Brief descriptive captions
--- --- ---

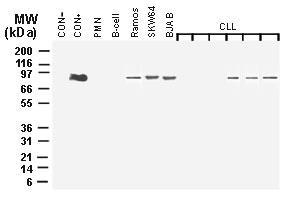 Polyclonal antibody to MALT-1 (Paracaspase)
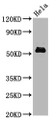 Western Blot; Positive WB detected in Hela whole cell lysate; All lanes Phospho-MYC antibody at 1.4ug/ml; Secondary; Goat polyclonal to rabbit IgG at 1/50000 dilution; Predicted band size: 57 KDa; Observed band size: 57 KDa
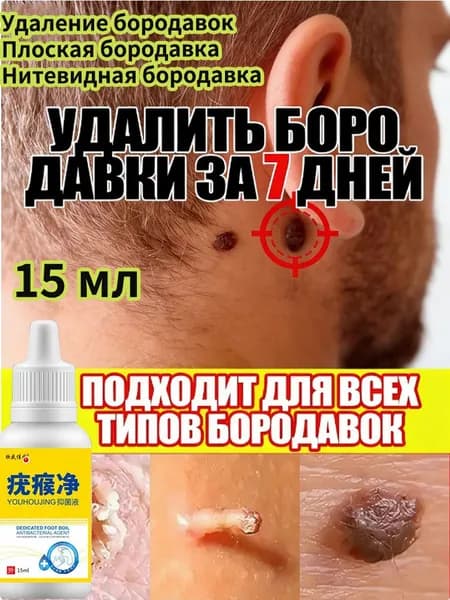 Крем от бородавок. Он используется для удаления бородавок, папиллом и родинок; это безболезненно, не оставляет шрамов, не имеет побочных эффектов и быстро удаляется.15 мл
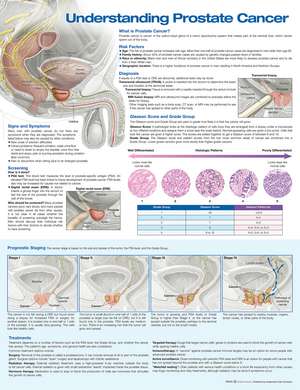 Understanding Prostate Cancer Anatomical Chart de Anatomical Chart Company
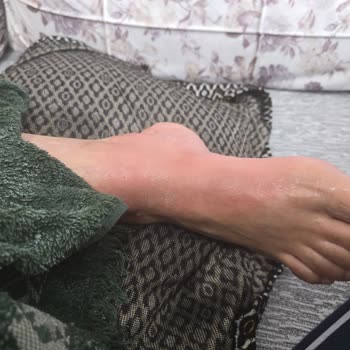 Fakir Çay Makinesi Kulpunun Kopmasıyla Yanık Ve Güvenlik Riski Yaşadım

--- --- ---

Work to be completed - Could you output all of the records exactly, without their pictures?

Expected answer -
 Polyclonal antibody to MALT-1 (Paracaspase)
 Western Blot; Positive WB detected in Hela whole cell lysate; All lanes Phospho-MYC antibody at 1.4ug/ml; Secondary; Goat polyclonal to rabbit IgG at 1/50000 dilution; Predicted band size: 57 KDa; Observed band size: 57 KDa
 Крем от бородавок. Он используется для удаления бородавок, папиллом и родинок; это безболезненно, не оставляет шрамов, не имеет побочных эффектов и быстро удаляется.15 мл
 Understanding Prostate Cancer Anatomical Chart de Anatomical Chart Company
 Fakir Çay Makinesi Kulpunun Kopmasıyla Yanık Ve Güvenlik Riski Yaşadım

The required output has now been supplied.